Personal income in the nation grew by 0.8 percent from the first quarter of 2008 (2008.1) through the same quarter this year (2009.1); Indiana grew half as fast at 0.4 percent. We ranked 35th among the 50 states while West Virginia led the nation with a 4.5 percent growth rate and Nevada trailed with a 2 percent decline in personal income. In all, eight states saw nominal personal income fall (see Figure 1). Is it any wonder that so many states are in financial difficulties?

Figure 1: Percent Change in Nominal Personal Income, 2008.1 to 2009.1

Figure 1: Percent Change in Nominal Personal Income, 2008.1 to 2009.1

Source: IBRC, using data from the Bureau of Economic Analysis

Over the longer 20-year period, 1990.1 to 2009.1, the nation's average rate of growth in personal income was 1.2 percent. The growth leader was Louisiana (3.0 percent), but that is misleading since hurricanes distorted the data with major collapses in personal income followed by dramatic increases. Second was Nevada at 1.9 percent, with Ohio and Michigan trailing at 0.9 percent; Indiana ranked 42nd at 1.1 percent (see Figure 2). The small spread in these averages suggests great economic equality of experience among the states over time. That is wrong.

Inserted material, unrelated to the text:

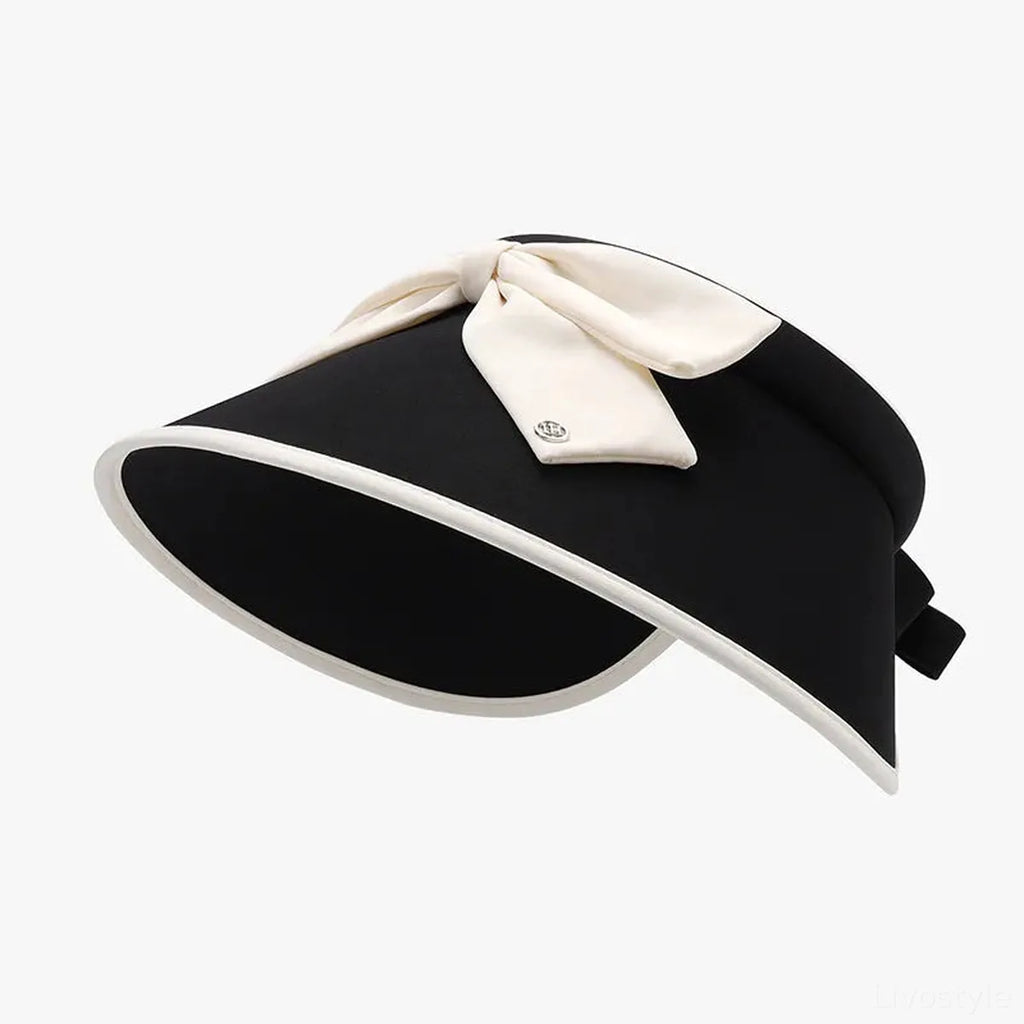 Bow Ice Silk Sun Hat with Visor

Figure 2: Percent Change in Nominal Personal Income, 1990.1 to 2009.1

Figure 2: Percent Change in Nominal Personal Income, 1990.1 to 2009.1

Source: IBRC, using data from the Bureau of Economic Analysis

Measuring Volatility

One way of looking at the disparity in experience is to consider the volatility or stability in growth by calculating the coefficient of variation (CV) for these states. The CV is the standard deviation of the growth rates divided by the mean of those rates for each state. Simply put, the CV measures stability or consistency over time. For example, if the growth rate is the same each quarter, the standard deviation would be zero and the CV would also be zero. But if the growth rates vary wildly, the standard deviation will be very high and the CV likewise will be very high. The higher the CV, the more variability (or volatility) in the growth rates; the lower the CV, the more stability in the growth of the state's personal income.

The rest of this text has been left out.